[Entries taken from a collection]
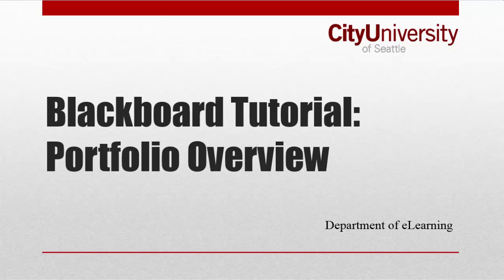This video is a short overview of the Portfolio Tool in Blackboard. The Portfolio Tool is associated with your username and therefore is not associated with any one course.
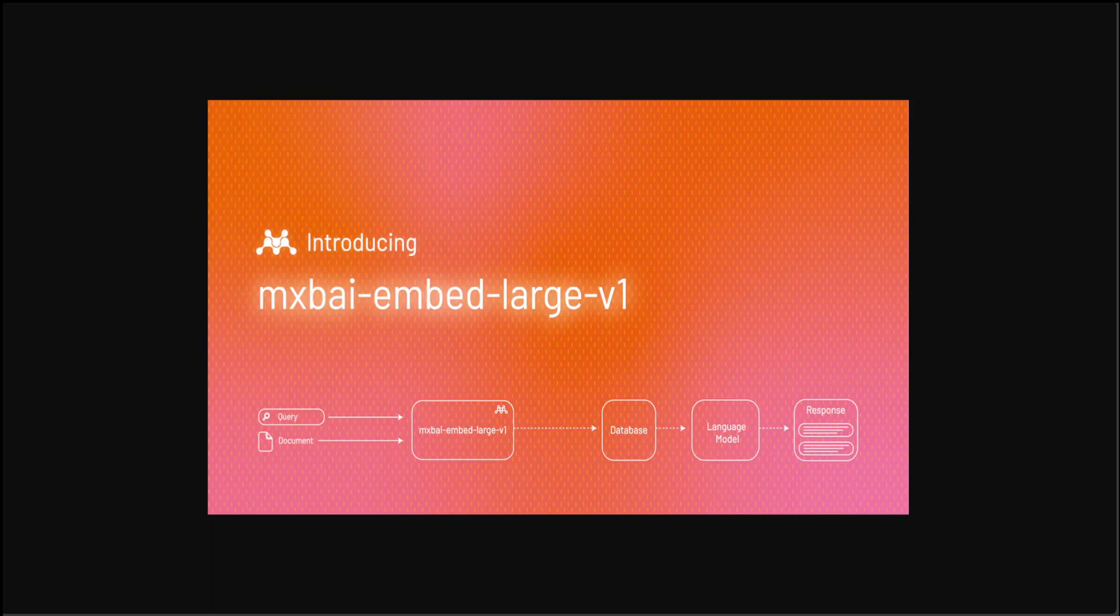Hello guys, in this video I am going to introduce you to mxbai-embed-large-v1 model and I will also show you how you can get it locally installed.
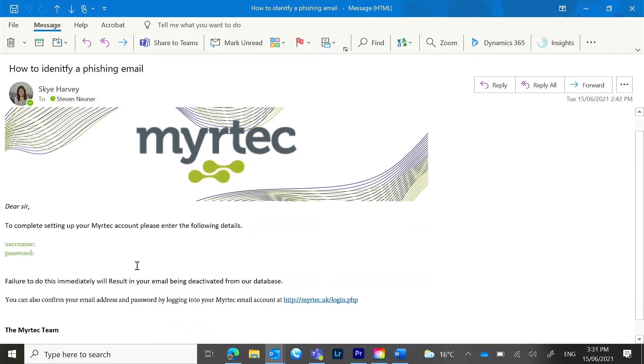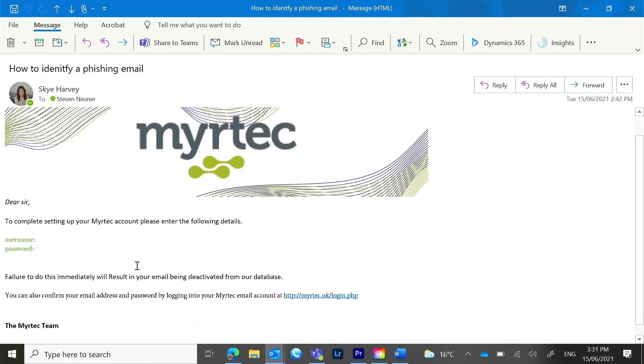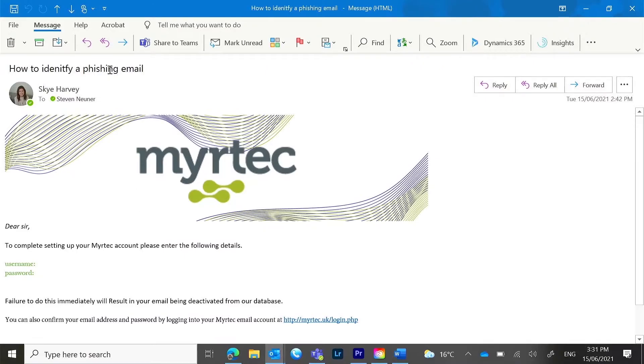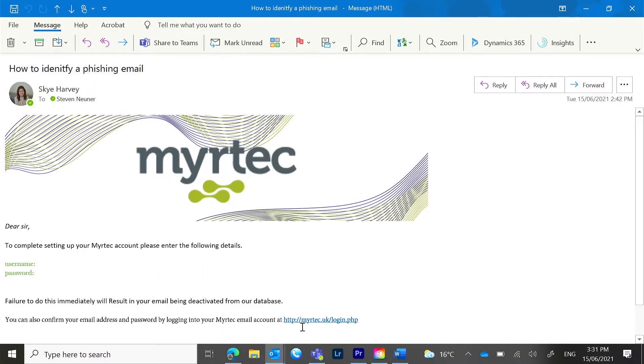There's odd italics, spacing, colors, and fonts. There's spelling mistakes in the subject line and email contents, and the link looks like it's going to take you to a site outside of Australia.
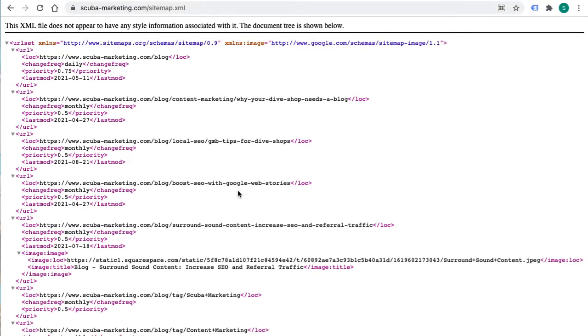It is an XML document that cannot be edited. Unlike many believes you can't edit the file directly. Squarespace creates and updates the sitemap automatically for you. So you cannot go in and make changes.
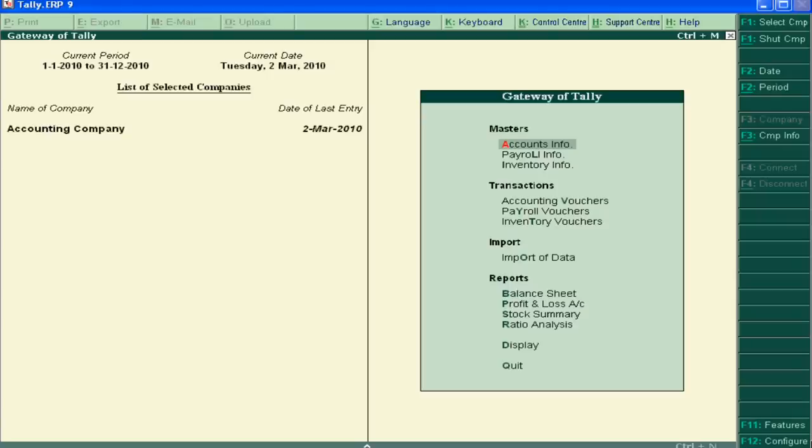Welcome dear students in accounting education. Today we will learn how to set credit limit and credit period in Tally. First of all, you should know what is credit limit.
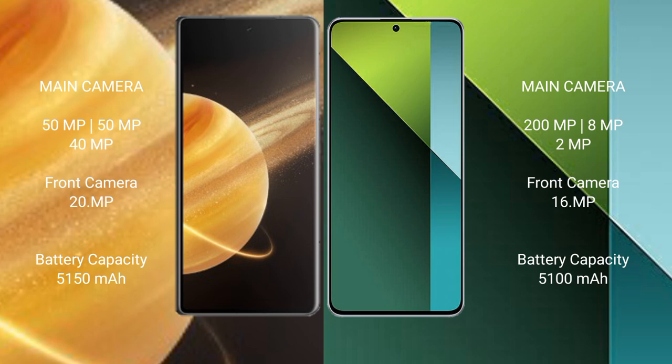Honor Magic V3 5150 mAh battery with fast charging support. Redmi Note 13 Pro 5100 mAh battery with fast charging support.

Task prompt: Without the pictures, write out the lines from the beginning of the entries through the line with "Hello guys, in".

Your response:
This video is a short overview of the Portfolio Tool in Blackboard. The Portfolio Tool is associated with your username and therefore is not associated with any one course.
Hello guys, in this video I am going to introduce you to mxbai-embed-large-v1 model and I will also show you how you can get it locally installed.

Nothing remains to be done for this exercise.